Die Brüder sahen sich an. Ihre Blicke verrieten einander, dass ihnen mulmig dabei wurde von einer Asato Hilfe
angeboten zu bekommen. Offenbar schien sie schon etwas vorbereitet zu haben, noch ehe die Bibliothek aufgeräumt wurde. Lautlos erhob sich Run aus dem Rattansessel, und schritt in die Mitte des Atriums.
Da es sich um das Haus einer Magierin handelte, verwunderte es niemanden ernsthaft, dass dieses Mosaik auf dem Boden eine Art Bannkreis bildete, den die Frau nun abschritt. Aus ihrer Rocktasche zog Run einen Fächer aus Ebenholz hervor, und stellte sich in das Zentrum des Bannkreises. Bevor sie zur Tat schritt, trafen sich die Blicke der Hausherrin Donna Isauras und die der Magierin aus dem Erd-Clan. Tief
in Dankbarkeit verbeugte sich Run dafür, dass Donna Isaura ihr einen Zauber dieser Größenordnung auf ihrem Gelände erlaubte. Danach öffnete sie geräuschvoll ihren Fächer. Beide Arme streckte sie weit aus, und ließ den Wind zusammen mit ihrer Macht die Möglichkeit sich zu entfalten.

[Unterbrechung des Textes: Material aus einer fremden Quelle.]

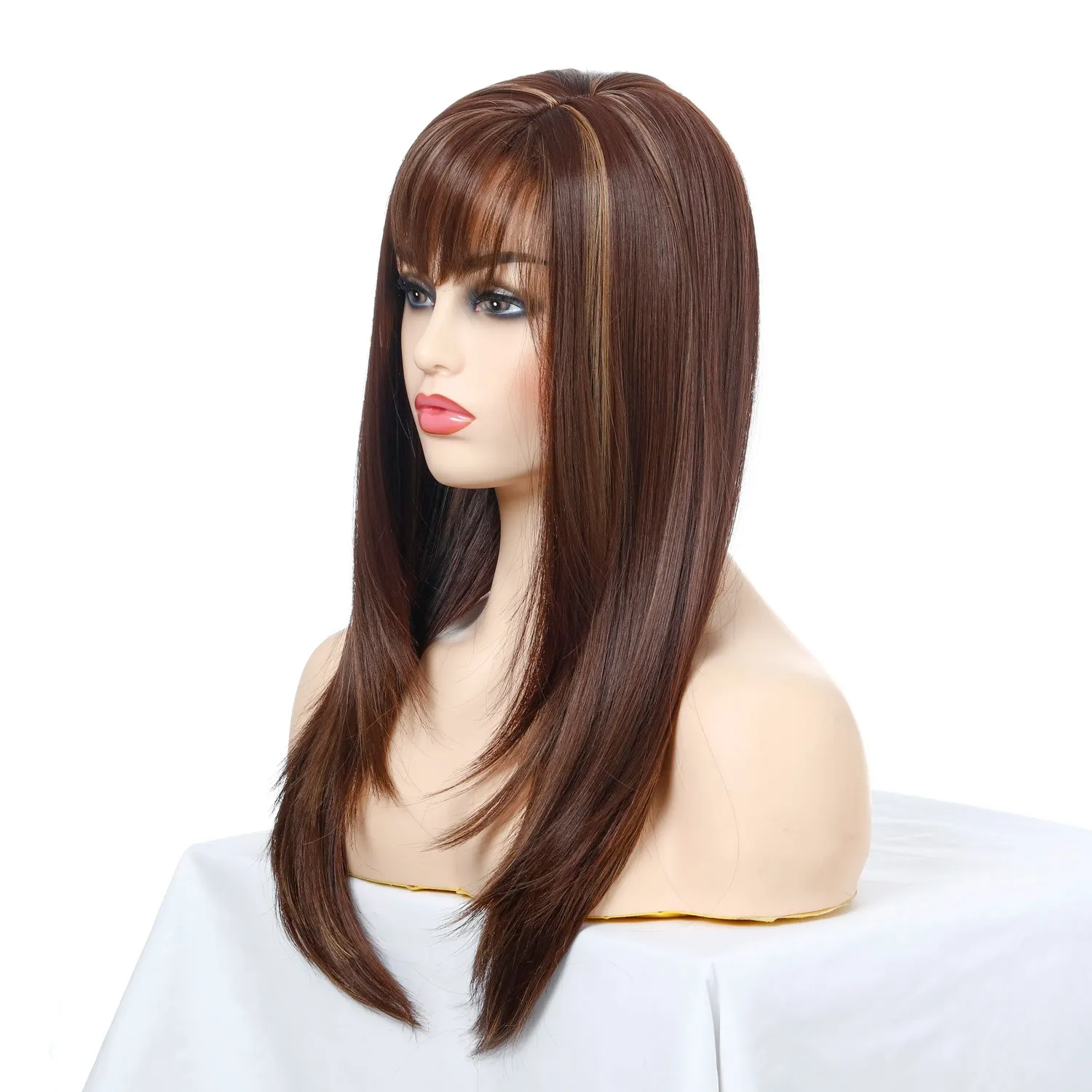 Flora | Brown Long Straight Synthetic Hair Wig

Im direkten Umfeld von Donna Isaura hielten sich bereits Rooster und Kai auf, und beobachteten fasziniert dieses Wehen im Zentrum des Atriums. Es dauerte nicht lange, und die Verhältnisse des Windes begannen sich dramatisch zu verändern. Ging zu Anfang noch die Macht von Run selbst aus so fühlte sich der Sturm bald an, wie die Landung eines
Hubschraubers. Auf den wenigen Quadratmetern des Innenhofes gab es keine Möglichkeiten der Deckung. Trotz das die Topfpflanzen bebten, Tassen und Gebäck zitterten, erhob sich nichts von seinem an gestammten Platz. Ausgesprochen gezielt setzte Run ihre Macht ein.

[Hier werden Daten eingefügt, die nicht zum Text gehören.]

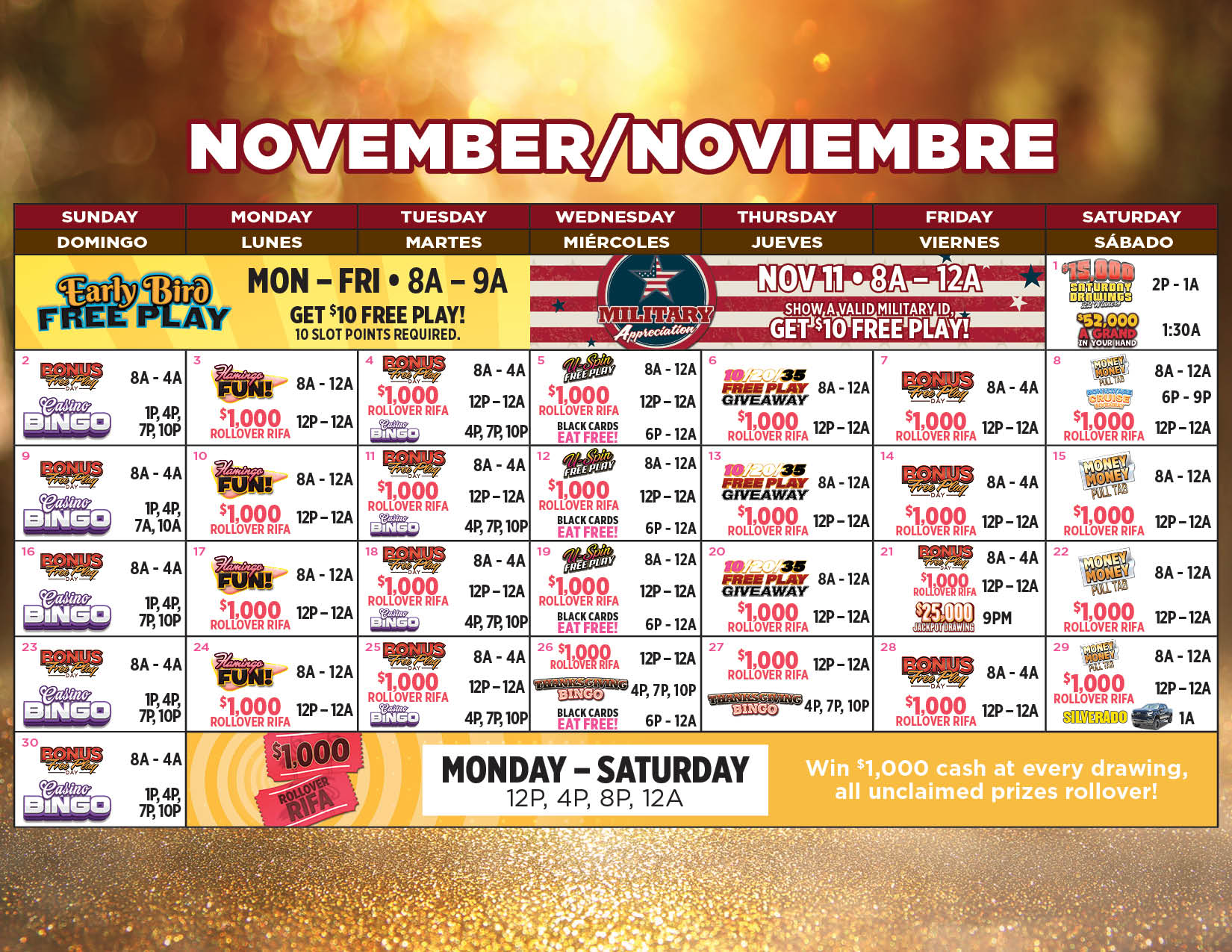 November Slot Calendar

Während der Staub weiterhin tobte, erhaschten die Zuschauer einen Blick auf schemenhafte Umrisse. Die Größe der auftauchenden Gestalt zeugte selbst aus dem Augenwinkel betrachtet von mächtigem Unheil. Tödliche Krallen und riesengroße Pranken stellten eine massive Bedrohung für jedes Leben dar, wenn sie nicht kontrolliert beherrscht
wurden.
Allmählich legten sich der Staub und der Wind, verbunden mit diesem Zauber und der Anspannung, aber nur so lange bis die Umherstehenden erkannten, wer oder was vor ihnen gerade erschien.
Der Drache verfügte über die Größe eines Dinosauriers, die Schwingen größer als die Tragflächen eines Sportfliegers, und sein Meister sah genauso schwarz aus wie jede einzelne Schuppe des Monsters, in dessen Nacken er saß.

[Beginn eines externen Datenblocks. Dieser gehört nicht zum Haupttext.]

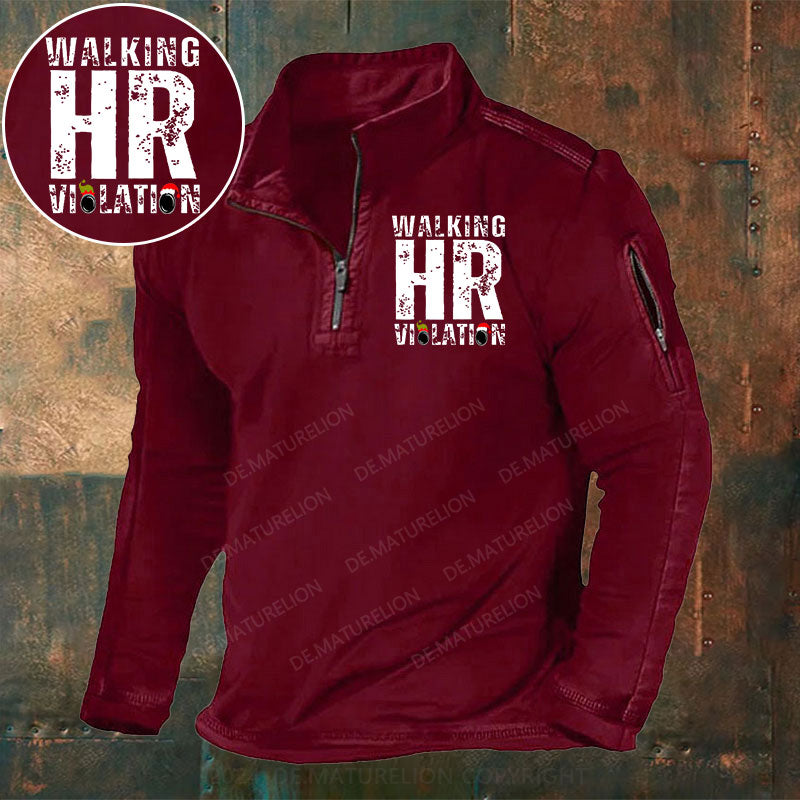 Walking HR Violation Stehkragen Reißverschluss Polo Shirt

Lediglich mit einem blassen Gesicht, das sich von der Dunkelheit abhob. Es waren die gleichen Gesichtszüge, die Kai und Rooster in der Nacht über still ansahen. Natürlich kannte Kai Zwillinge.
Schließlich sahen sich sein Vater und Julian auch unheimlich ähnlich, aber dieses Zwillingspaar unmittelbar vor ihm, raubte ihm sämtliche Luft zum Atmen und fast jeglichen Mut.